The US is mired in debt. We are still hated by a great number of countries. China is building EVERYTHING we invent. The planet is heating up. THESE are issues. How in the fuck is abortion and same-sex marriage a button at all let alone a hot one?

  1. Santorum’s not Newt Gingrich. Many social conservatives, particularly those of the female persuasion, continue to be turned off by Gingrich’s two failed marriages and his admissions of past marital infidelity.

Adolf Hitler, Adam Sandler, and the Queen of England are also not Newt Gingrich. Next!

  1. Santorum doesn’t just talk about opposing abortion, he’s legislated on it.
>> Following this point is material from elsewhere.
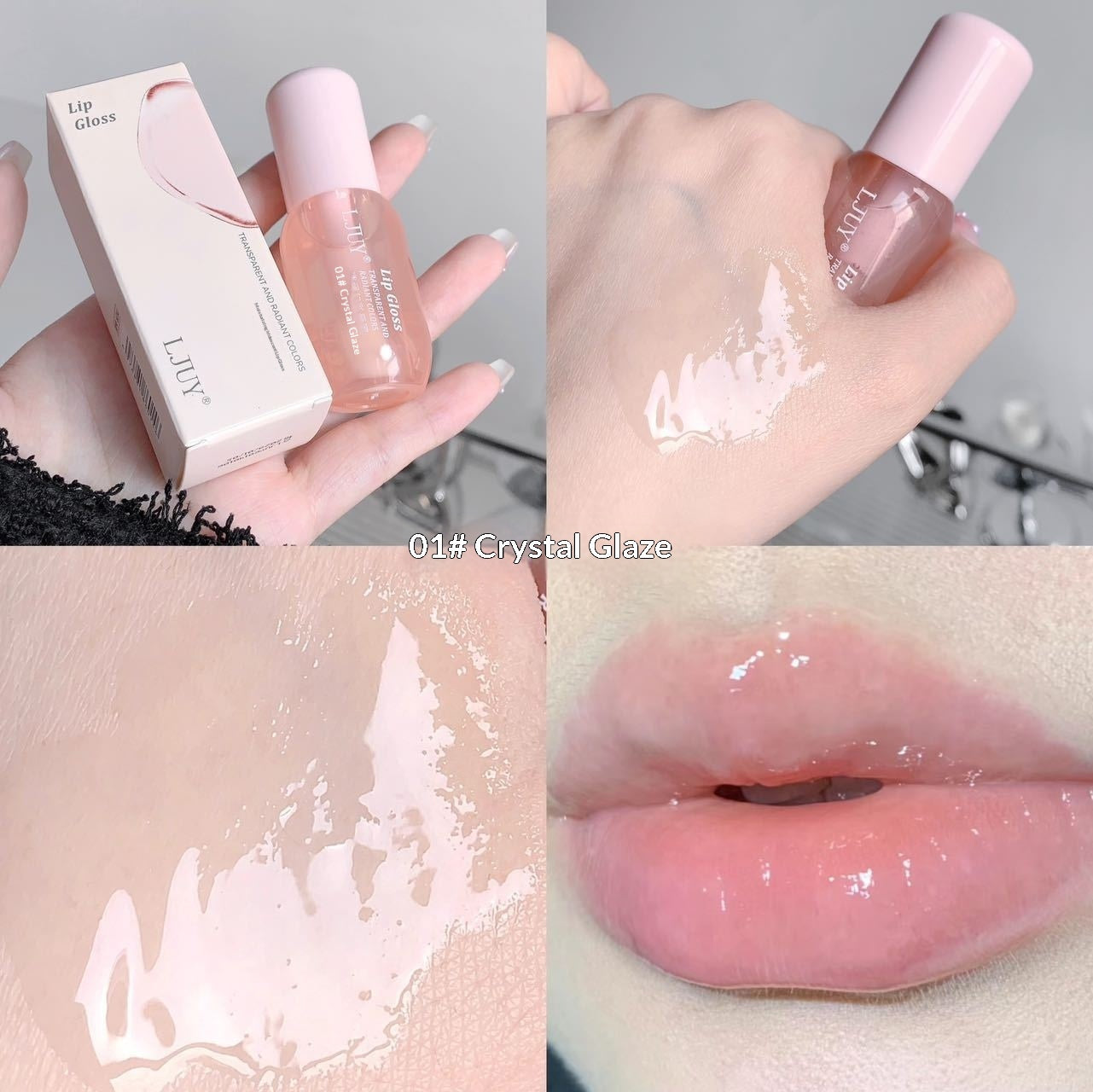 LJUY Lip Oil Translucent And Illusionary Color Lip Gloss Transparent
As a senator, he was an architect of the Partial Birth Abortion Ban Act of 2003. He pushed the ban even in the1990s, when Bill Clinton was in the White House and the legislation stood nary a chance of a presidential signature. “He walked the walk,” Land says. “When no one else would carry our water in the Senate, he would.”

Just a quick reminder. . . does not affect your basic American o n e w h i t! This is posturing. This is taking a stand so that you can get votes from the mentally defective who pride themselves in liking babies. OK, who doesn't?! I like babies. I like puppies too! But it is not a day to day agenda item for the president of the United States. Get it?

  1. Ditto on same-sex marriage. Santorum sponsored a constitutional amendment to ban same-sex marriage at a time when many Republicans lawmakers didn’t want to touch such a hot potato.

Sigh. . . Let's say you're a conservative evangelical and you DO get the country to outlaw same-sex marriage. How will your life change? How will this be a better land? All you'll get is a way to add to that smugness you already carry around because you believe in invisible people. You'll wake up and get to say, SO THERE! Oh, and by the way, the president cannot make this happen for you.

  1. Santorum’s big on compassionate conservatism. Though he gets the most ink for controversial stances on issues such as homosexuality, Santorum has also been a leading advocate for funding to fight AIDS in the Third World and has led conservative responses to poverty. “A lot of people have a hard time getting Rick Santorum because they’re used to a debate between liberalism and complete free-market approach and he’s not either of those things,” says Michael Gerson, a Washington Post columnist and former speechwriter for President George W. Bush.

I like pistachio nuts.

    1. Santorum isn’t afraid to challenge science, questioning the theory of evolution and dismissing global warming as “a hoax.” The former senator “confirms (social conservatives’) view of science as being at odds with a Christian worldview,” tweets Warren Throckmorton, a psychology professor at Grove City College, an evangelical Christian school in Pennsylvania.

Ok, here we go. This is either ignorance or pure posturing and I suspect the later. There is NO controversy in the biological sciences about evolution. There is only 'controversy' that is created by assholes who want schools to teach religion which is what creationism is. There is no university you could attend and major in intelligent design. It is transparent as hell and courts have seen intelligent design for that and ruled accordingly.

As for global warm the verdict is in. Here's a link to some quick references that show why it is real and that we caused it. The really scary part is that his counter argument to the scientific evidence that supports global warming is that, wait for it. . . .IT'S A HOAX! Oh sure. A few million scientists got together and decided to create this most giant of hoaxes since the landing on the moon. Yeah that is a LOT more believable than the data supporting global warming itself. Again, the only reason to say such a thing is that you are a complete unread idiot or that you are just posturing to an obvious group to get votes.

I think I'm leaning toward NOT supporting Rick Santorum for any office and especially the presidency.